Beim Waldspaziergang Fotos mit dem Tablet machen, Infor­mationen aus dem Internet holen oder Lieder bei YouTube ansehen: Kinder wachsen heute mit digitalen Medien auf. Umso wichtiger ist es, sich hiermit auseinanderzusetzen, sich einen sinnvollen Einsatz in der Kita zu überlegen und mit Vorurteilen aufzuräumen.

klein&groß: Was liegt Ihnen bei Medienpädagogik bei jungen Kindern am Herzen?
Dr. Helen Knauf: Gelassenheit! Wir sollten gelassen auf das Thema schauen. Digitale Medien sind weder Heilsbringer noch Vorboten der Apokalypse. Sie sind vielmehr das, was wir daraus machen.

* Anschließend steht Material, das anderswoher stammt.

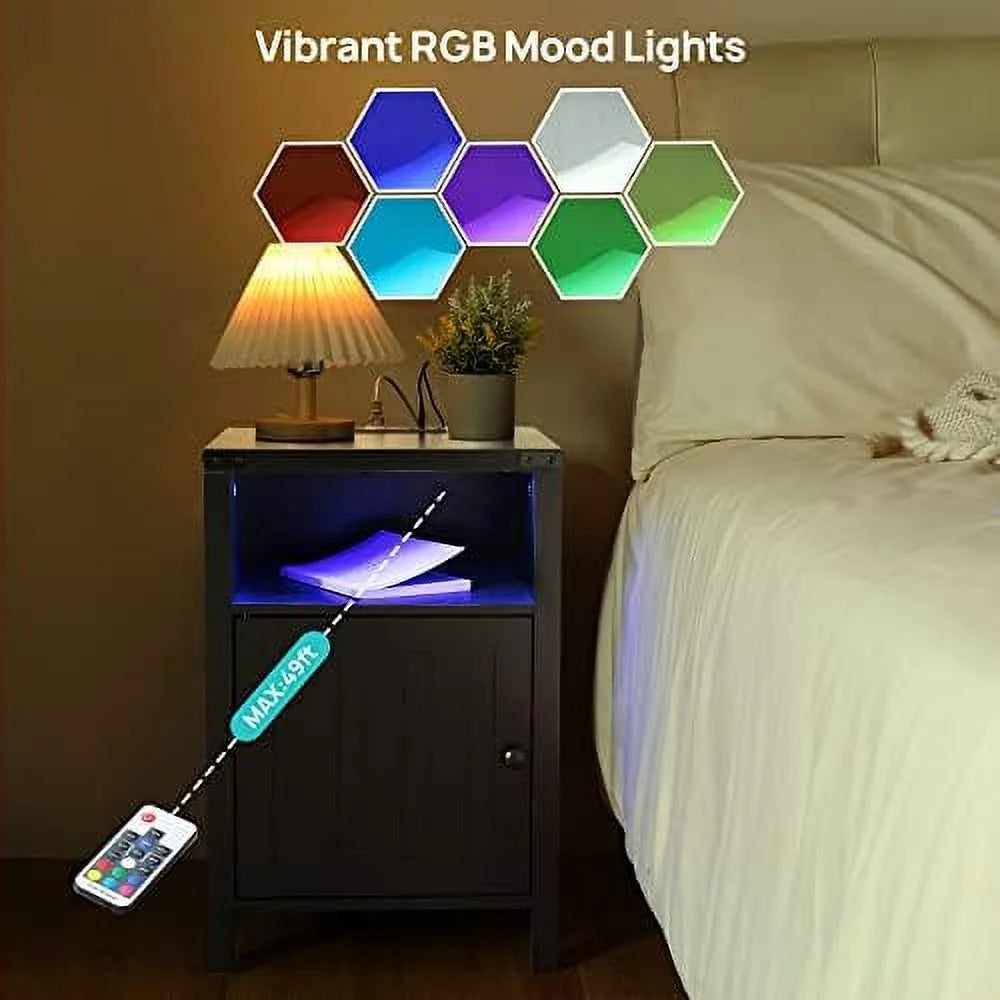 Nightstand with LED Lights and Charging Station Grey C35951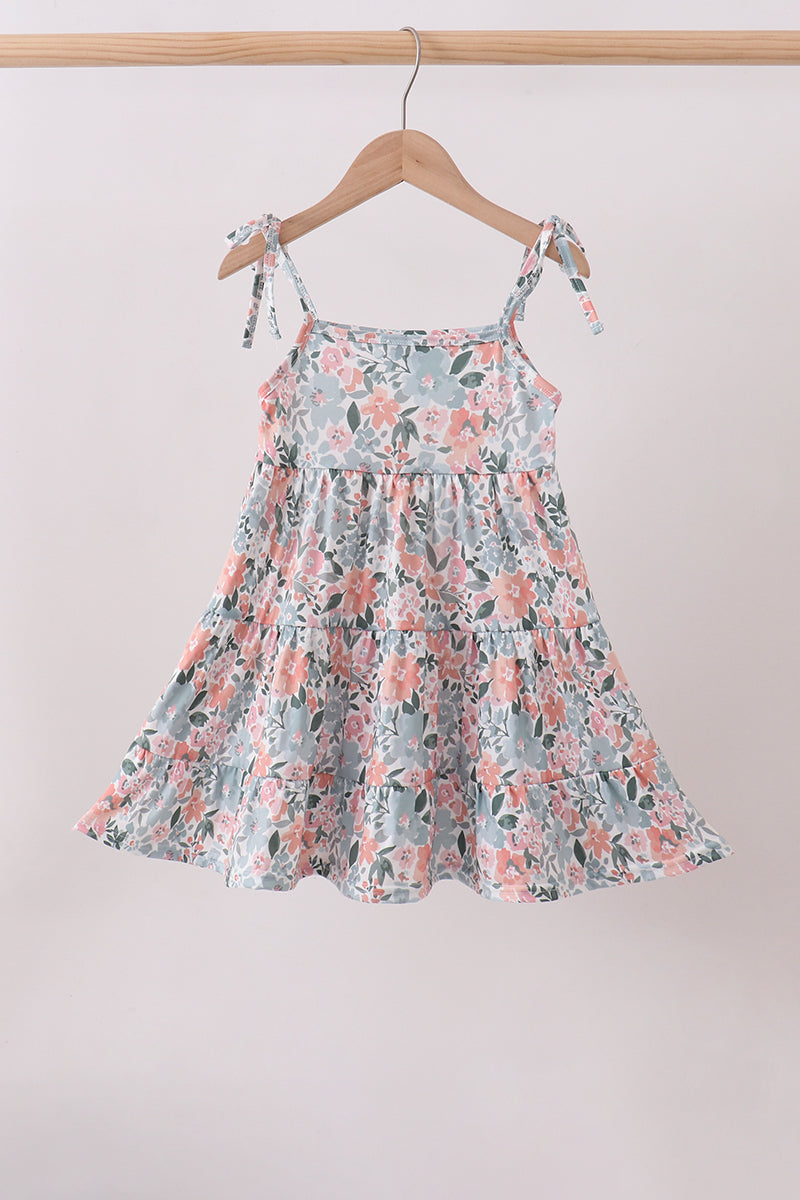 Pink Floral Knit tiered Dress - Aaria Tees Aaria Tees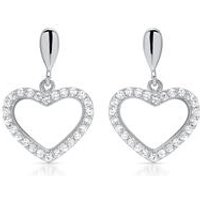 🦚 Polierte 925 Silber Herzohrstecker mit Zirkonia 🦚 Polierte 925 Silber Herzohrstecker mit Zirkonia
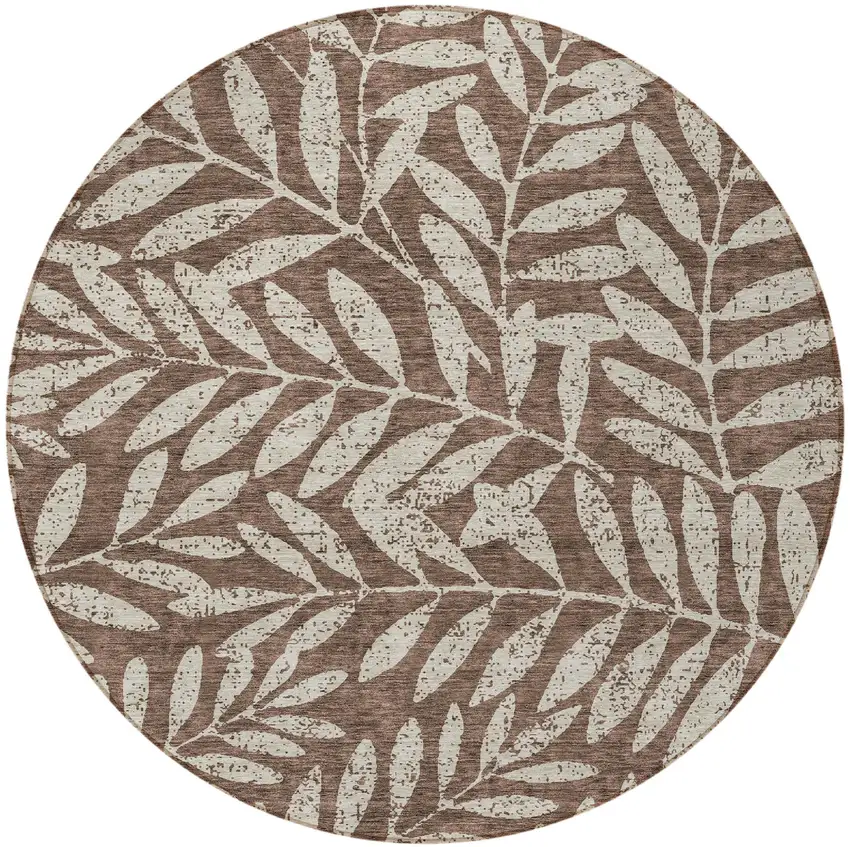 8' Brown And Beige Round Floral Washable Indoor Outdoor Area Rug Photo 5
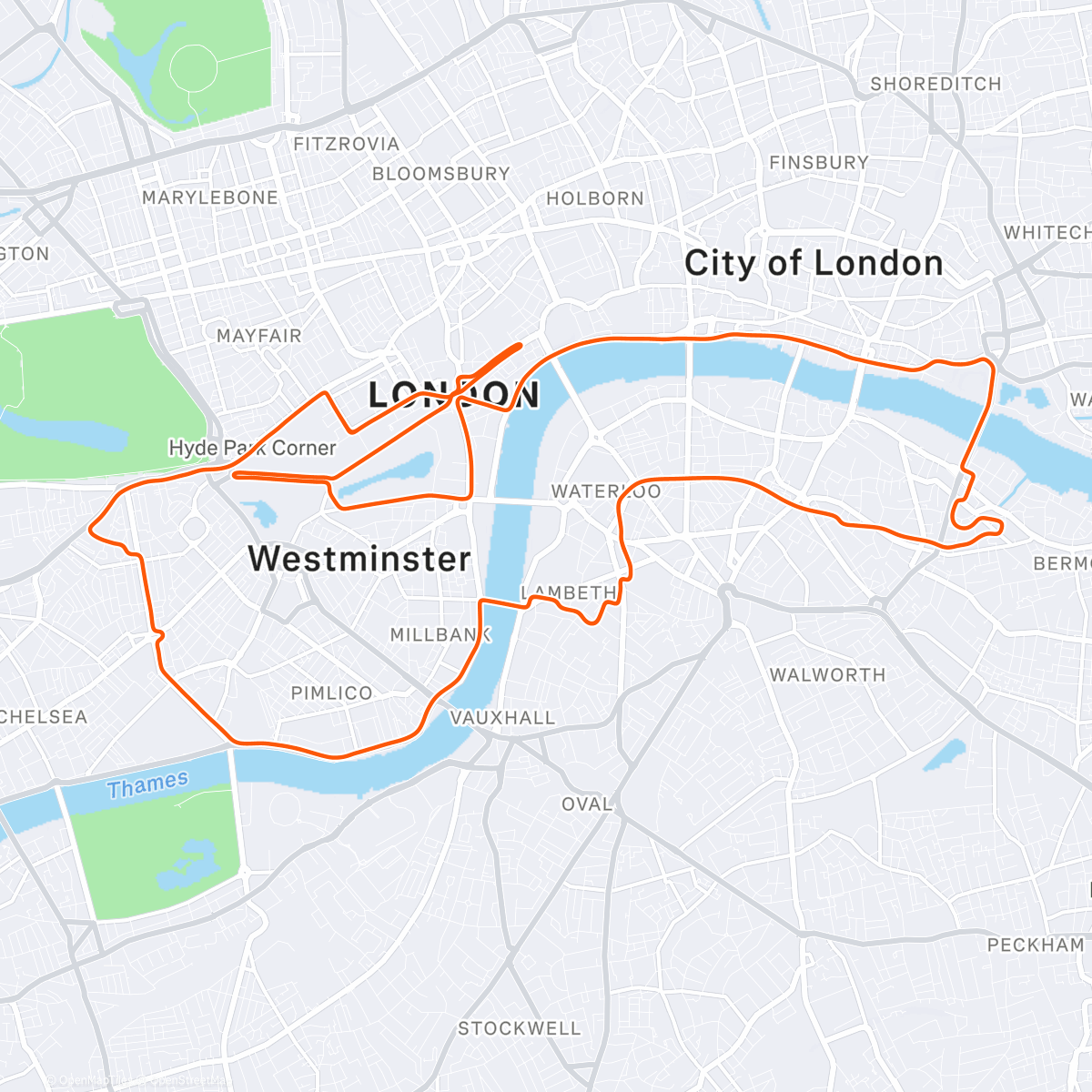 Map of the activity, Zwift - Greatest London Flat in London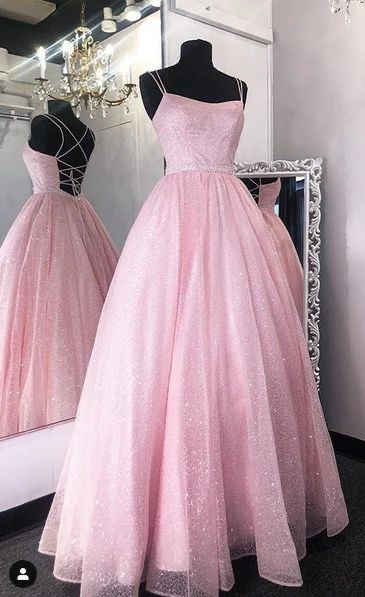 Edles Ballkleid mit Spaghettiträgern und rosa Pailletten, Ballkleider, langes Partykleid, Outfit zum 18. Geburtstag, Abschlusskleid RB1040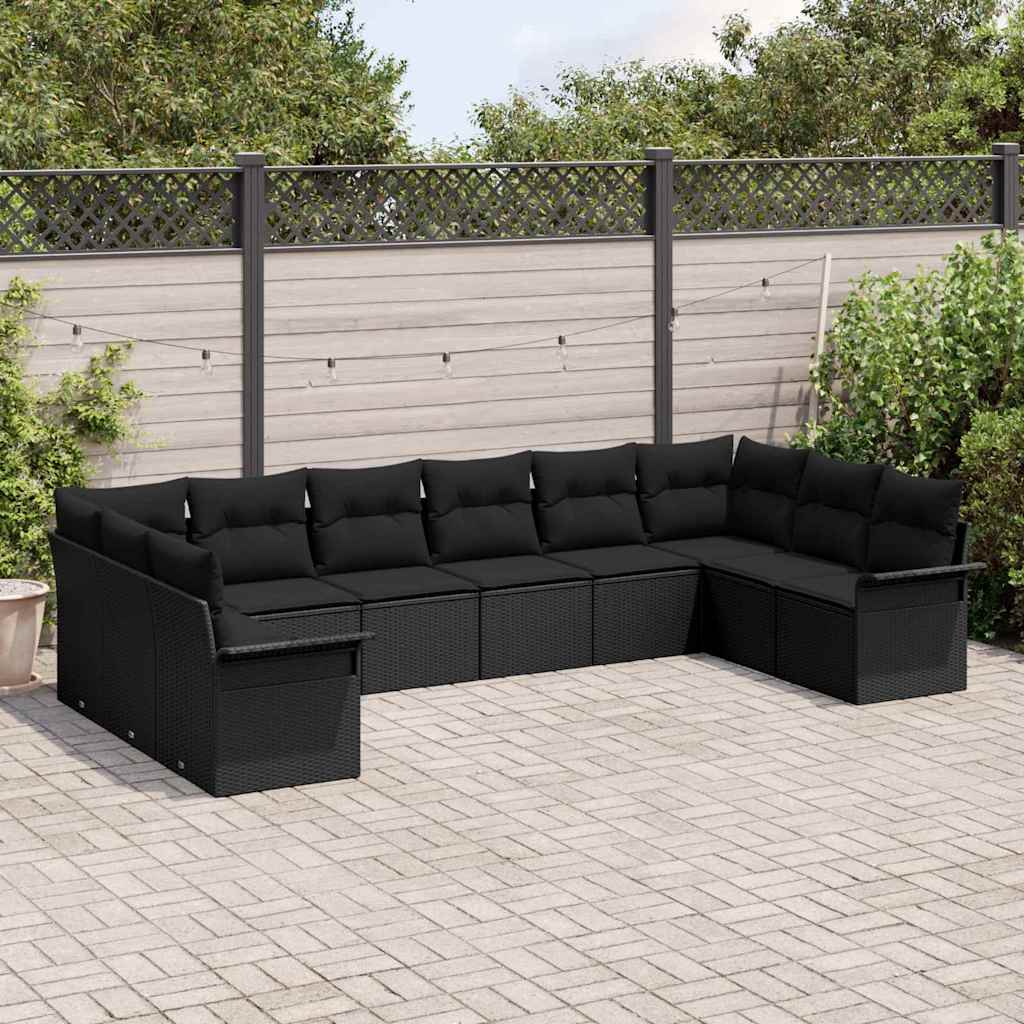Garden Sofa Set with Cushion 10 pcs Black Poly Rattan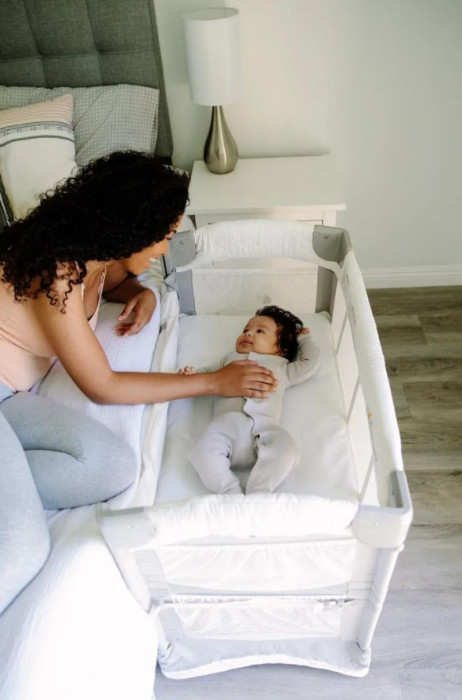 Patut bebelusi, L-Sun, cu laterala culisanta, pliabil, include masa de infasat, cu baldachin si jucarie carusel, Albastru [5]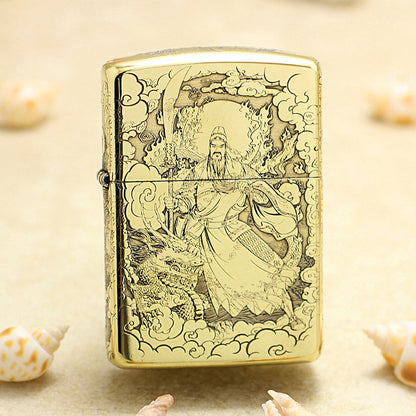 Zippo Premium Shine Bronze Intricate Chiseled God of War Guan Yu - CC127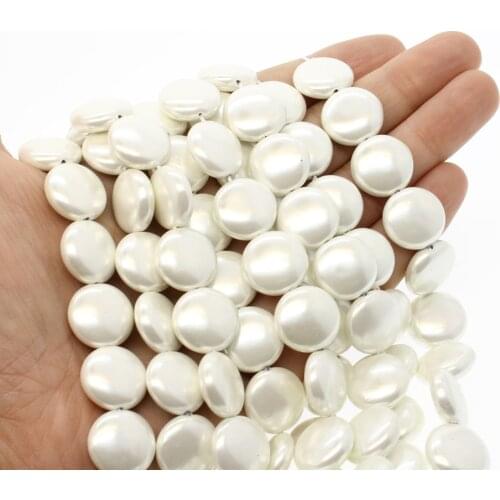 Natural white shell 15mm button-shaped loose beads Polished male and female jewelry making DIY necklace bracelet accessories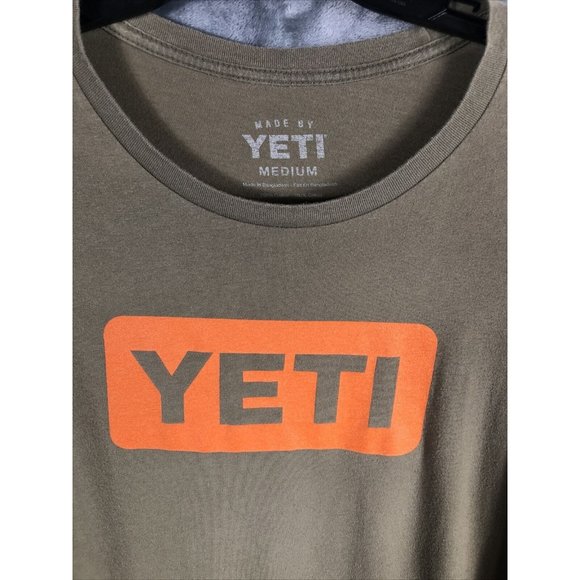 Yeti Coolers Logo Shirt Men's Long Sleeve Tee Shirt Green/Orange Adult Medium - Picture 5 of 7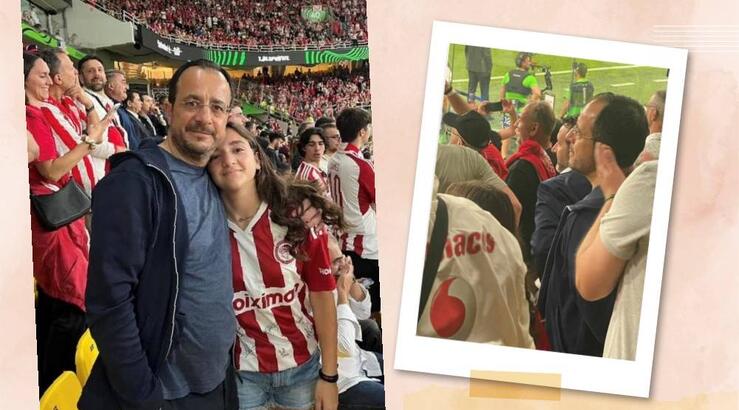 Νίκος Χριστοδουλίδης: Στις κερκίδες για να απολαύσει τον Ολυμπιακό [εικόνες] 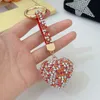 Keychains Bedanyards Luxo Luxo Multi-Color Love Heart Keychain Full Rhinestone liga Rings Key Women Bolsa Pingente Creative Key Corrente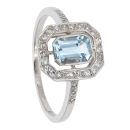 Platinum Diamond And Aquamarine Halo Ring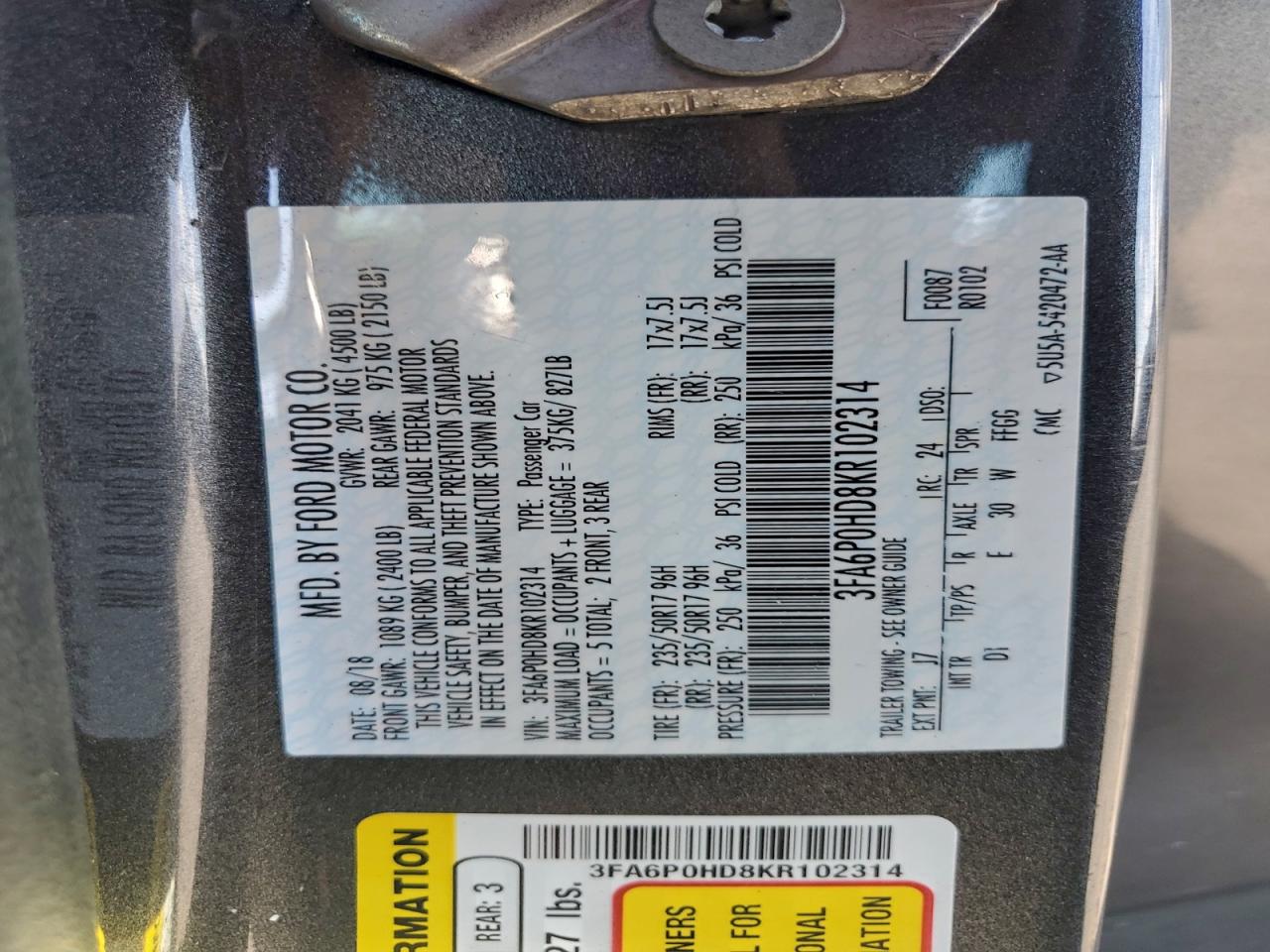 2019 Ford Fusion Se VIN: 3FA6P0HD8KR102314 Lot: 94366945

Unser Anliegen muss es sein, Medien in den Dienst der pädagogischen Arbeit zu stellen. Das bedeutet, Medien sollen dort zum Einsatz kommen, wo sie ko-konstruk­tive Bildungsprozesse bereichern. Beispielsweise, wenn Kin­der im Internet Antworten auf ihre Fragen suchen, wenn sie ihre Spiele oder Projekte mit Fotos dokumentieren oder wenn sie mit Hilfe des Tablets eine Geschichte verfilmen.

k&g: Welche Ziele sollte der Einsatz von Medien in der Kita verfolgen?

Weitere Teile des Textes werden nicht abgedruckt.